* Task details *
Your copy should hold every record exactly and no images.

Stored entries:
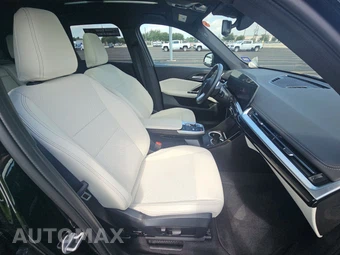 2026 BMW X1 xDrive28i - miniatura 8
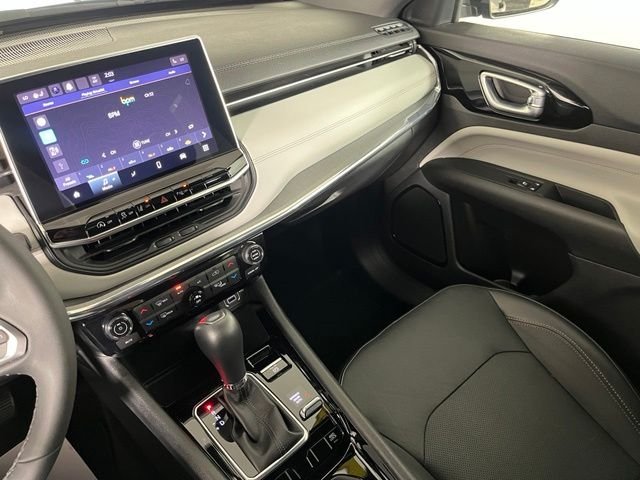 Used 2023 Gray Jeep Limited image 35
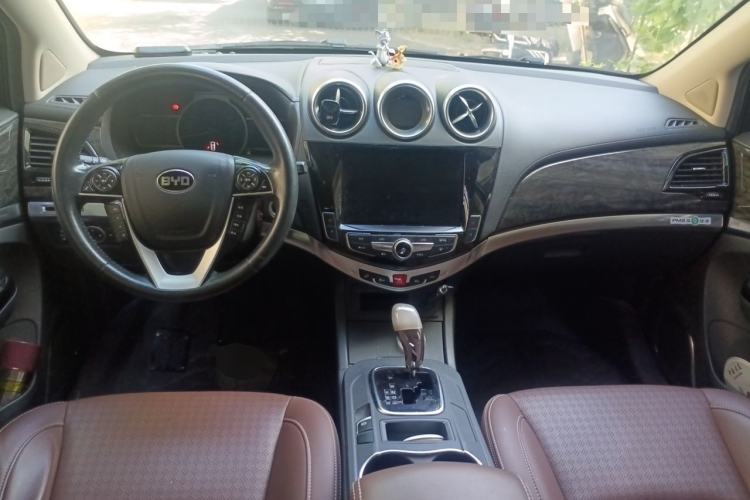 Used BYD S7 2017 2.0T Automatic Prestige Edition Center Console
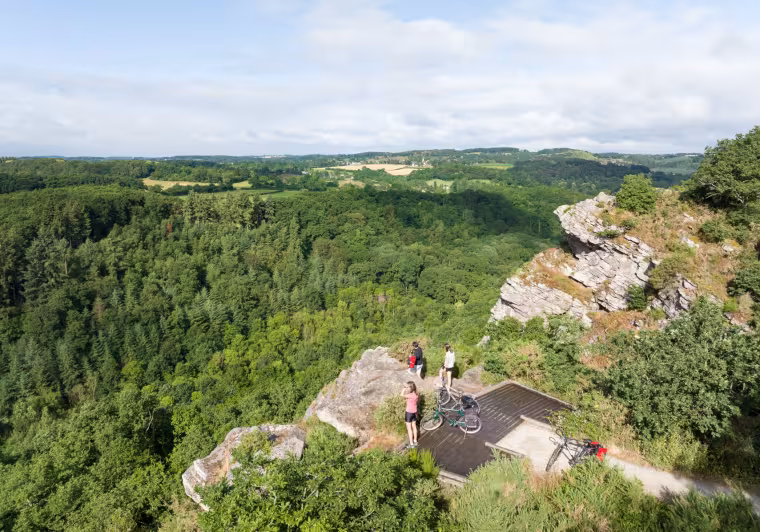 Surplomber les environs depuis la Roche d’Oëtre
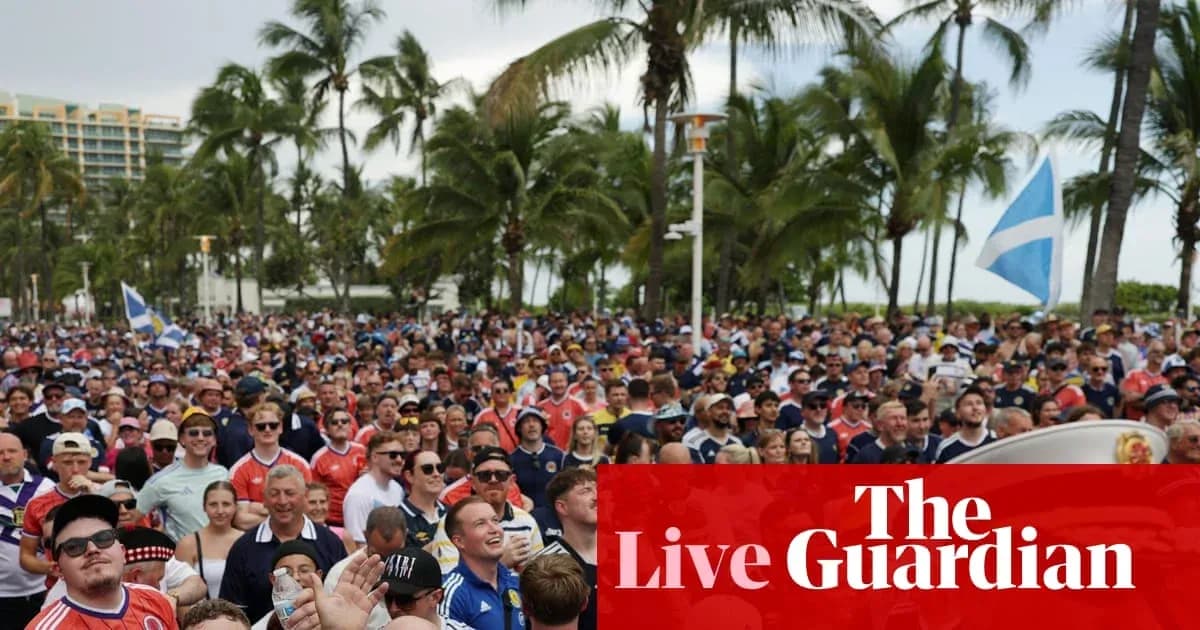 Multitud de aficionados reunidos en evento deportivo Multitud de aficionados reunidos en evento deportivo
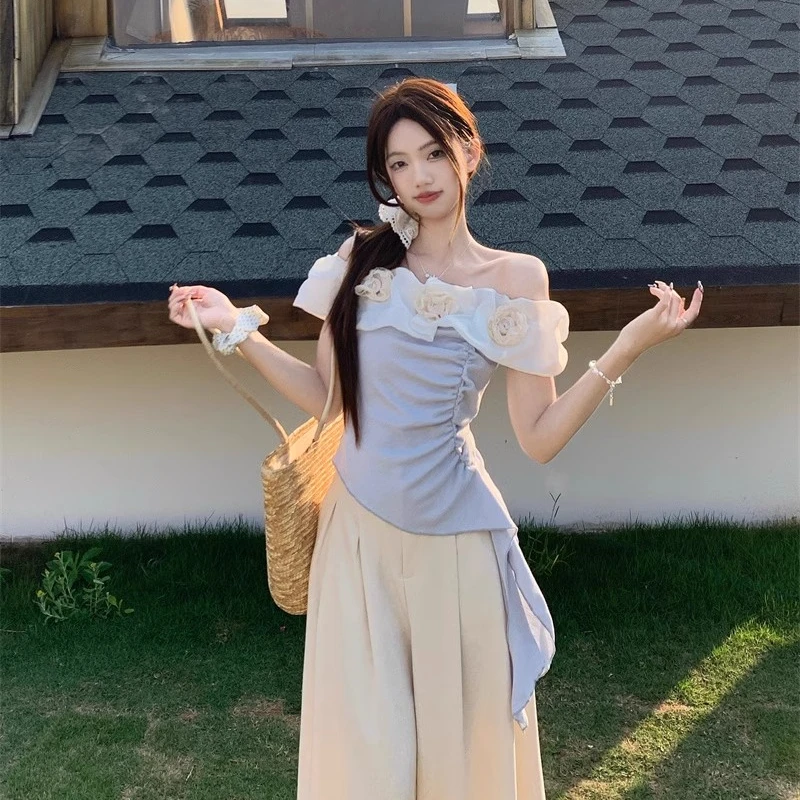 纯欲风花朵一字肩不规则T恤2025夏季新款修身显瘦抽褶上衣女chic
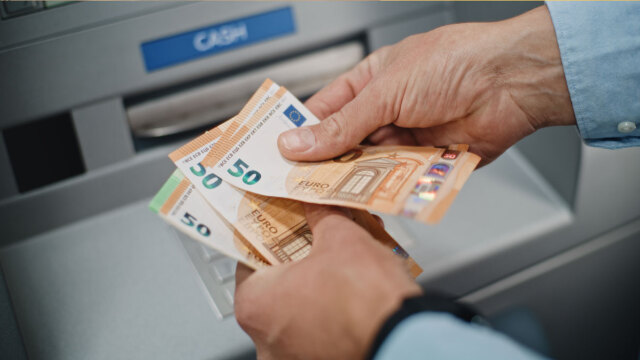 Αυξημένες οι καθαρές αποδοχές των δημοσίων υπαλλήλων λόγω μειωμένων συντελεστών φορολογίας
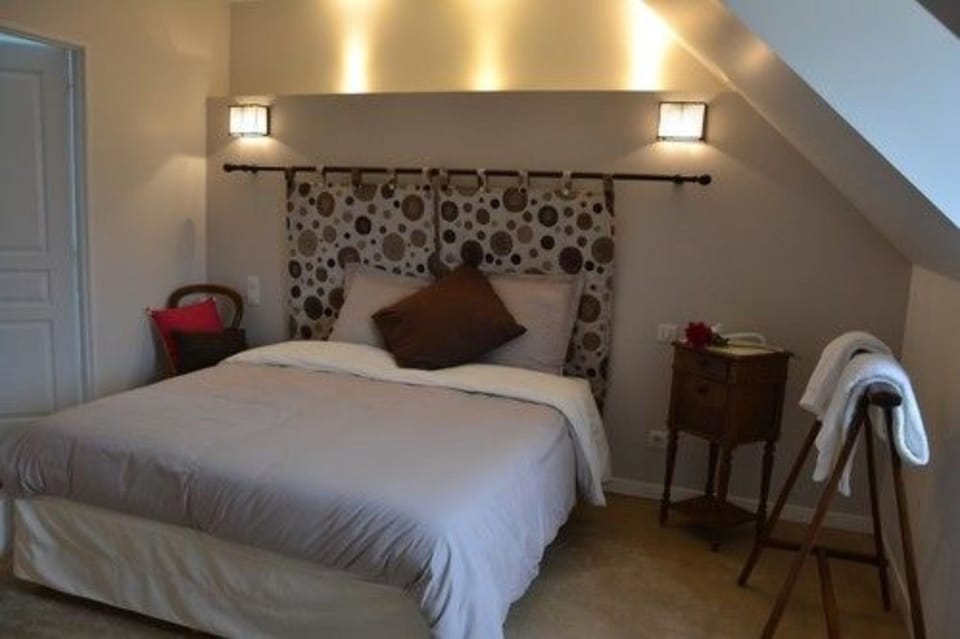 Room (Madeleine) | 3 bedrooms, individually decorated, individually furnished, desk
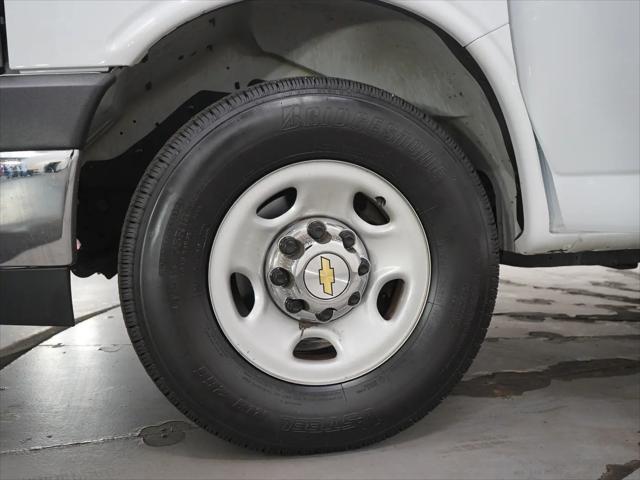 2025 Chevrolet Express Passenger RWD 3500 Extended Wheelbase LT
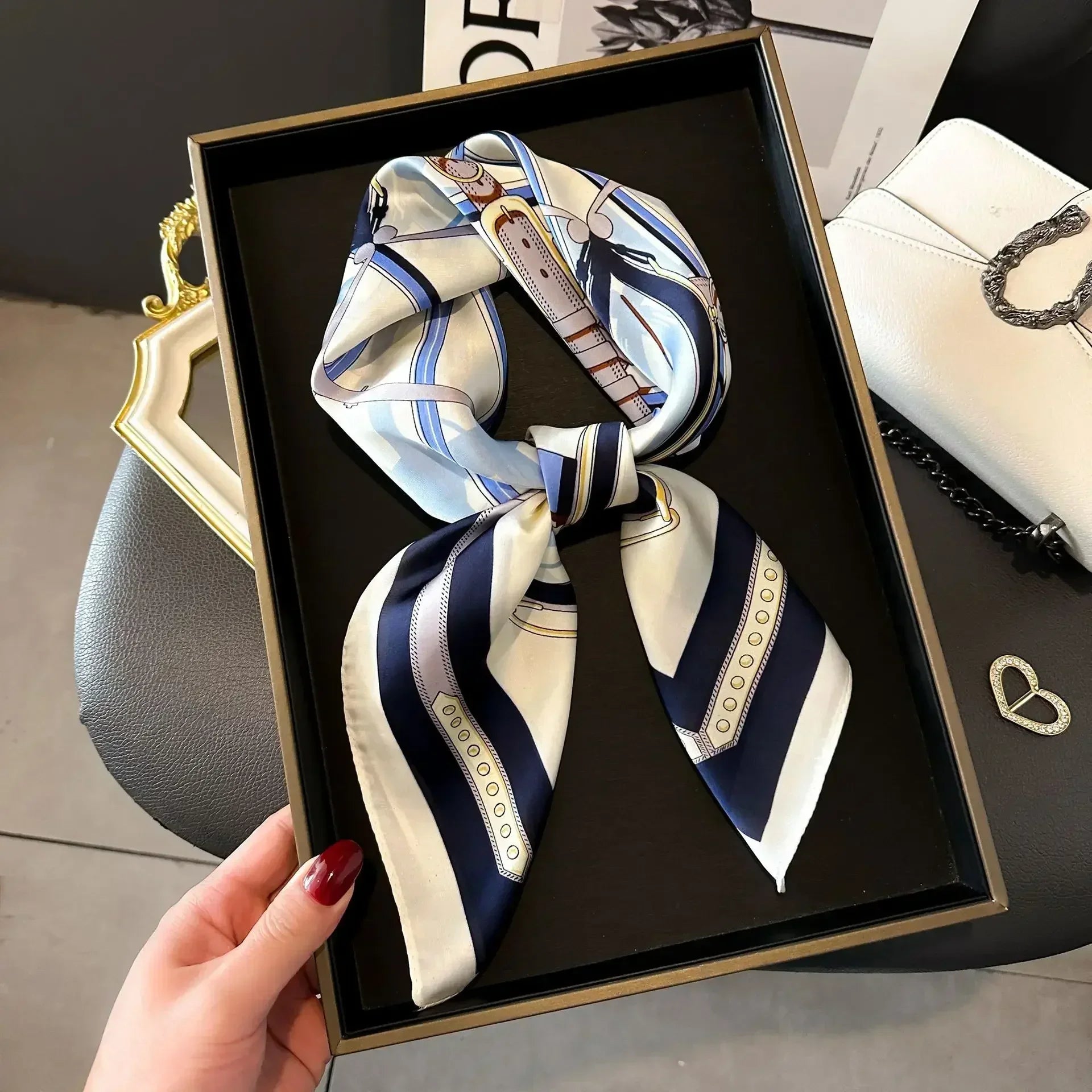 Foulard donna fatto a mano in raso satinato con stampa elegante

* Answer to the exercise *
 2026 BMW X1 xDrive28i - miniatura 8
 Used 2023 Gray Jeep Limited image 35
 Used BYD S7 2017 2.0T Automatic Prestige Edition Center Console
 Surplomber les environs depuis la Roche d’Oëtre
 Multitud de aficionados reunidos en evento deportivo Multitud de aficionados reunidos en evento deportivo
 纯欲风花朵一字肩不规则T恤2025夏季新款修身显瘦抽褶上衣女chic
 Αυξημένες οι καθαρές αποδοχές των δημοσίων υπαλλήλων λόγω μειωμένων συντελεστών φορολογίας
 Room (Madeleine) | 3 bedrooms, individually decorated, individually furnished, desk
 2025 Chevrolet Express Passenger RWD 3500 Extended Wheelbase LT
 Foulard donna fatto a mano in raso satinato con stampa elegante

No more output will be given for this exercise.